▶ [TASK ITEM]
Each line from the one containing "a living room" to the end of the entries below is to be set down exactly; the pictures are not.

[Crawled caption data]
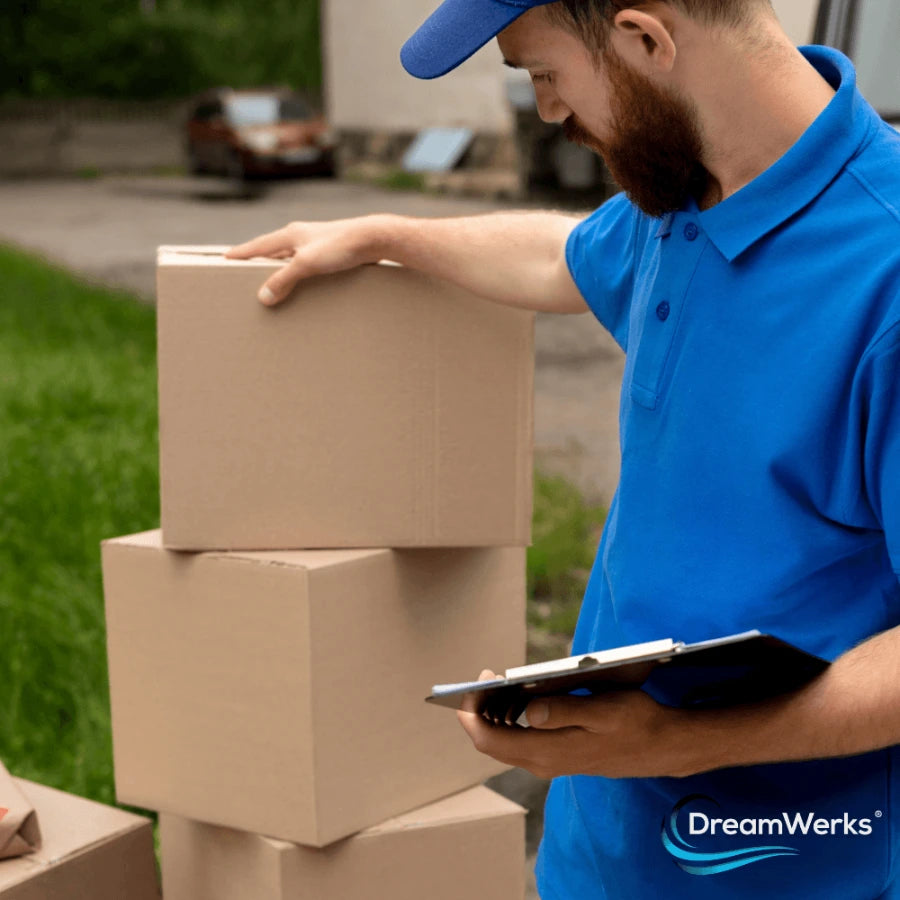 Man in blue shirt with Dreamwerks logo holding a stack of cardboard boxes and a tablet for delivery.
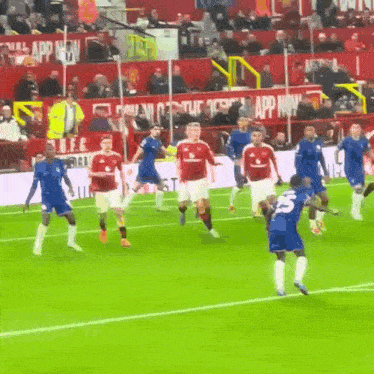 a group of soccer players on a field with a sign that says app now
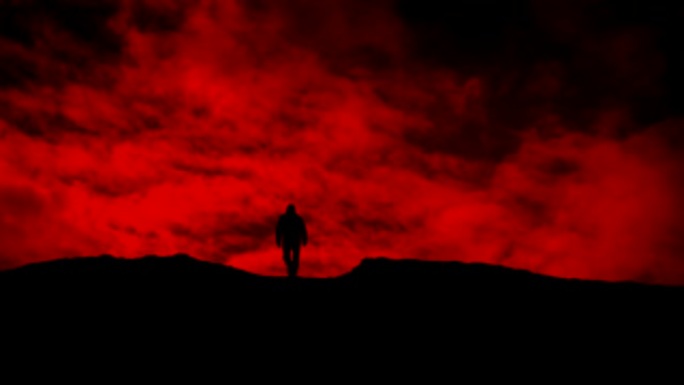 男子在红色的天空轮廓上走过山坡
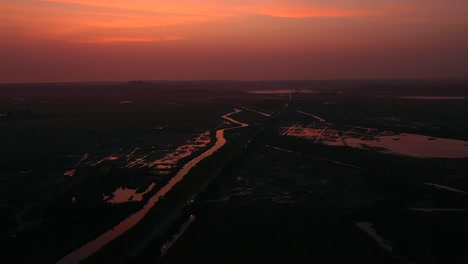 Creek-And-Fields-With-Dramatic-Sky-During-Sunset-In-Vasai,-Mumbai,-India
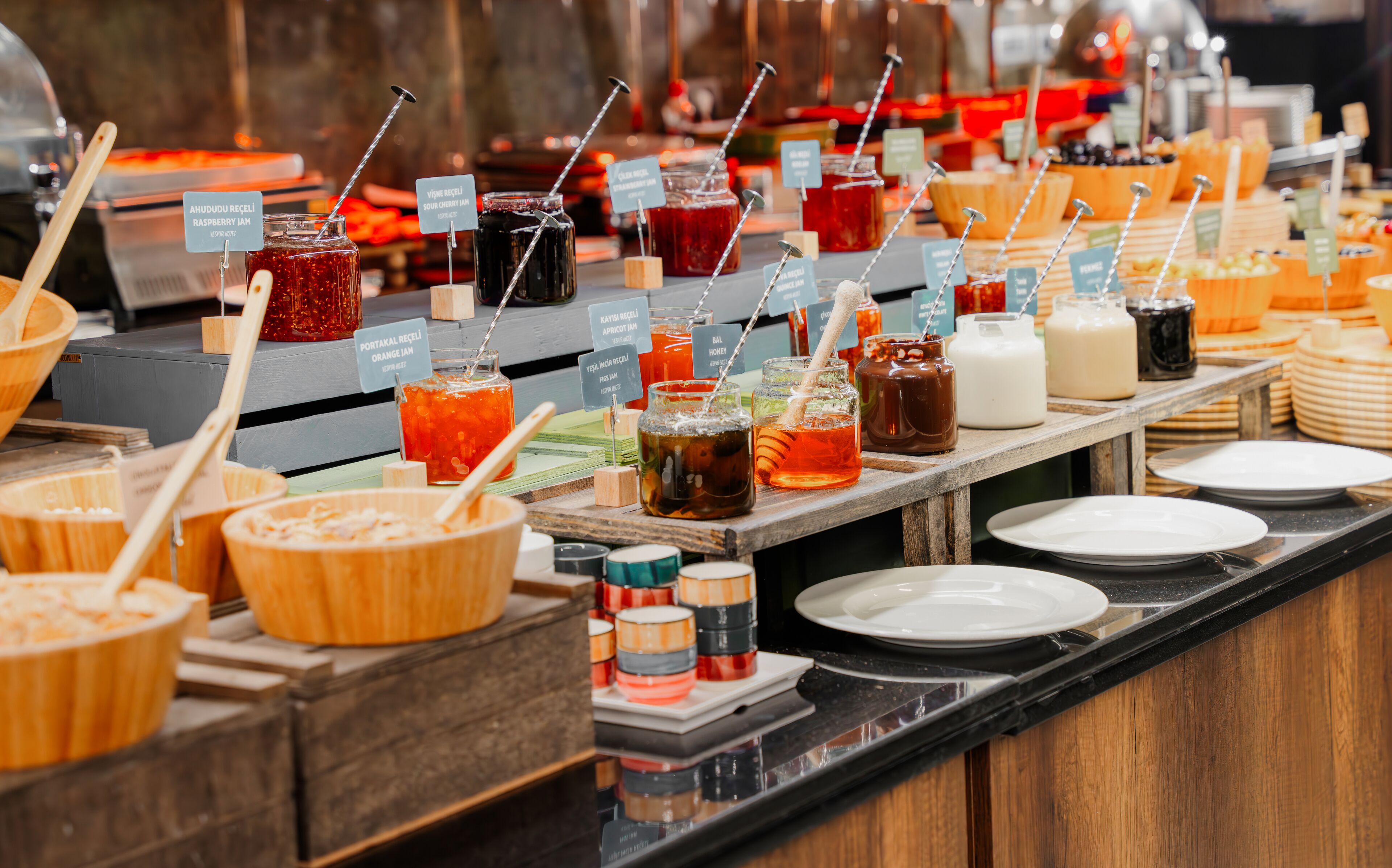 A buffet with various food and drink options, including jars of jams and sauces, and wooden bowls.
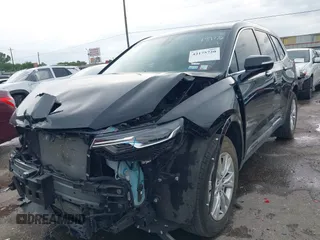 2023 Cadillac XT6 FWD Luxury z VIN 1GYKPAR43PZ147512, wystawiony jako IAAI lot #42175720 z przebiegiem 31 520 mil mil oraz . Historia ofert i sprzedaży dostępna na DreamBid. Obrazek 2.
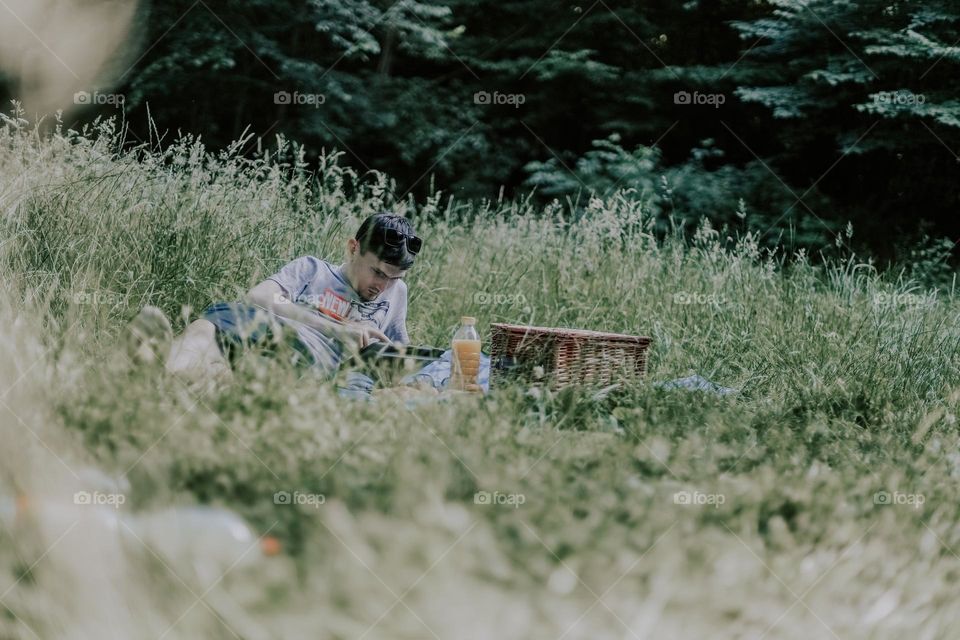 One young handsome caucasian man lies on a blanket with a wicker picnic basket, spread out food and drinks, watches a movie on a tablet in a meadow with tall grass on a summer day, close-up view from below.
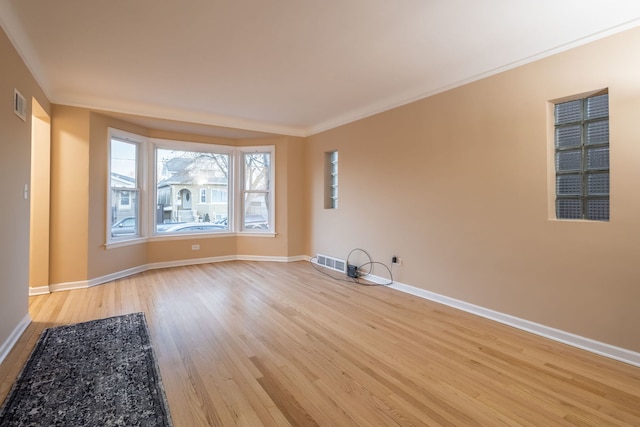 empty room with ornamental molding and light hardwood / wood-style flooring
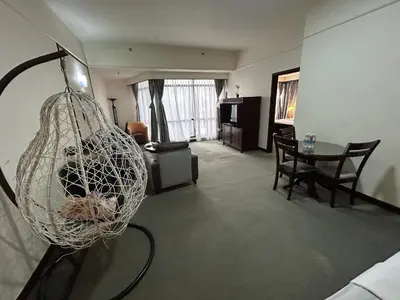 a living room with a table and a net at MN SUITE At TIMES SQUARE KL in Kuala Lumpur
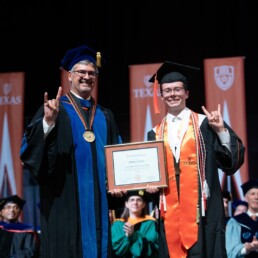 Dean Roger Bonnecaze and Matthew Nattier at on commencement stage holding a diploma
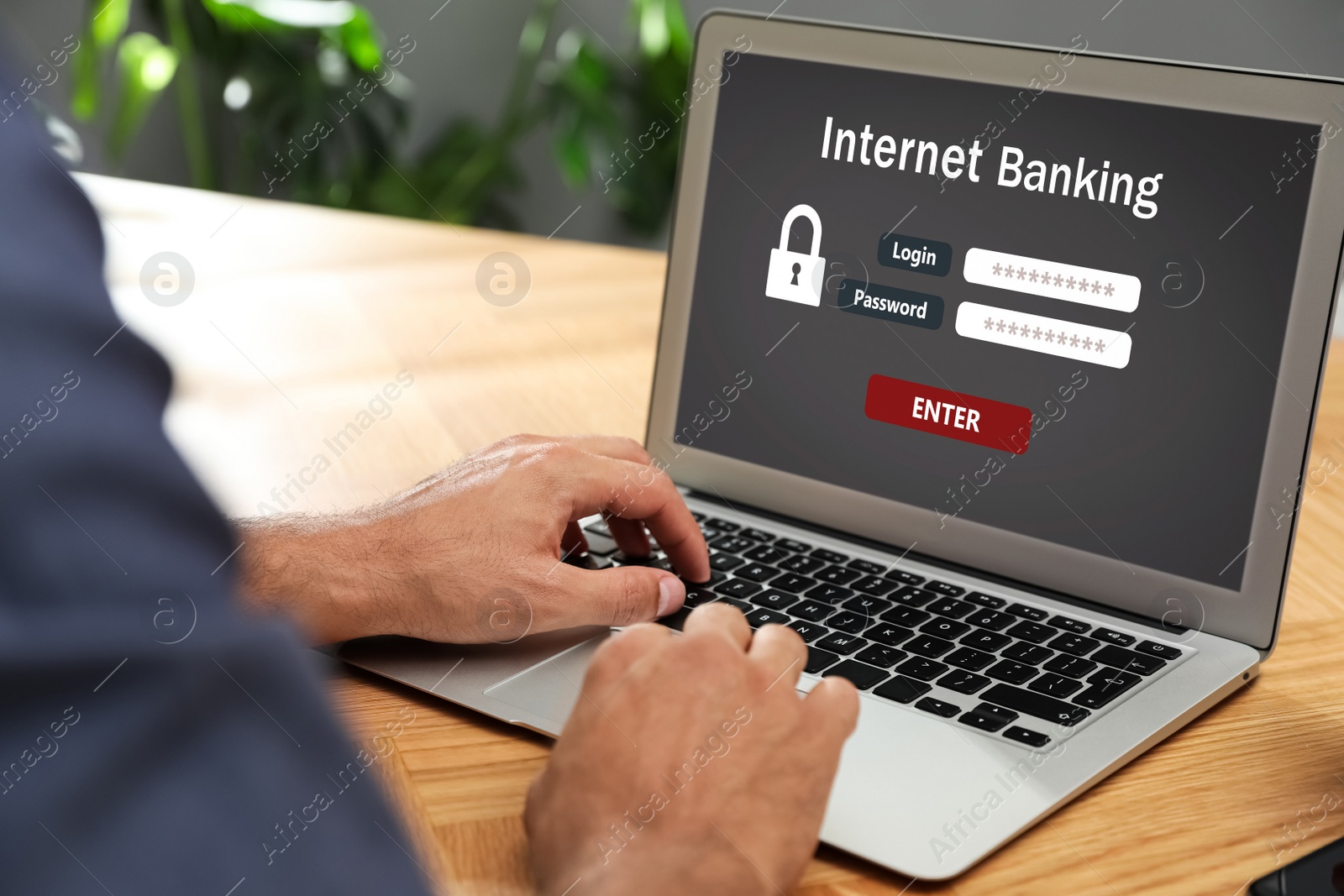 Image of Man using online banking application on laptop at wooden table, closeup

▶ [ANSWER SECTION]
 a living room with a table and a net at MN SUITE At TIMES SQUARE KL in Kuala Lumpur
 Dean Roger Bonnecaze and Matthew Nattier at on commencement stage holding a diploma
 Image of Man using online banking application on laptop at wooden table, closeup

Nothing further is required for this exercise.